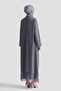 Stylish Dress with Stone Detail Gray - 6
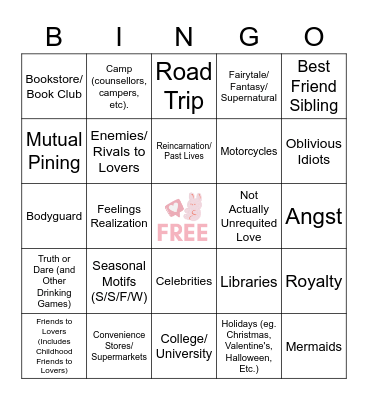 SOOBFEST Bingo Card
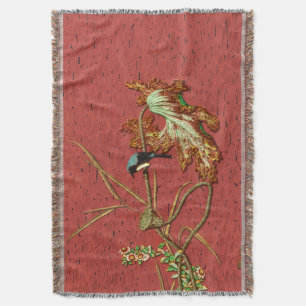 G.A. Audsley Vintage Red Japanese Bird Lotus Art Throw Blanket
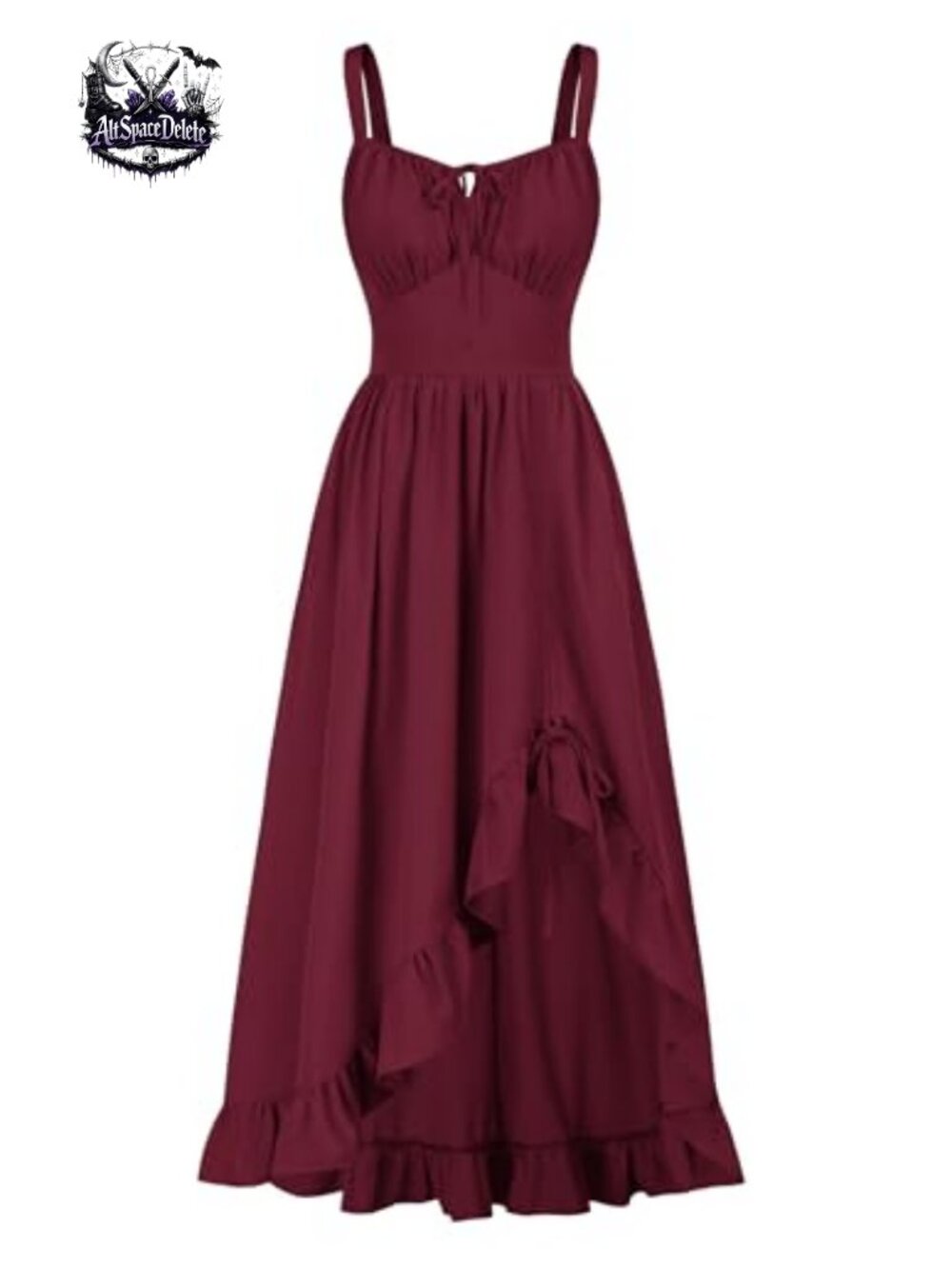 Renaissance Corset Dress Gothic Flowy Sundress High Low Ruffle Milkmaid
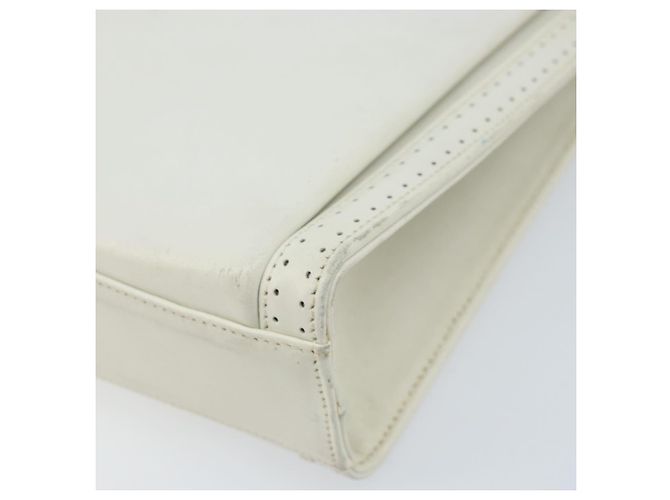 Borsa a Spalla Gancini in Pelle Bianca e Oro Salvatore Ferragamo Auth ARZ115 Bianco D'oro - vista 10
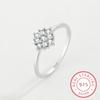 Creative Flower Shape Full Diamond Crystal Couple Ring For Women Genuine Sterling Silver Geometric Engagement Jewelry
# # #
Task requirements
Wherever a picture appears, omit it; copy the rest of the data exactly.

Written response
 Stylish Dress with Stone Detail Gray - 6
 SOOBFEST Bingo Card
 G.A. Audsley Vintage Red Japanese Bird Lotus Art Throw Blanket
 Renaissance Corset Dress Gothic Flowy Sundress High Low Ruffle Milkmaid
 Borsa a Spalla Gancini in Pelle Bianca e Oro Salvatore Ferragamo Auth ARZ115 Bianco D'oro - vista 10
 Creative Flower Shape Full Diamond Crystal Couple Ring For Women Genuine Sterling Silver Geometric Engagement Jewelry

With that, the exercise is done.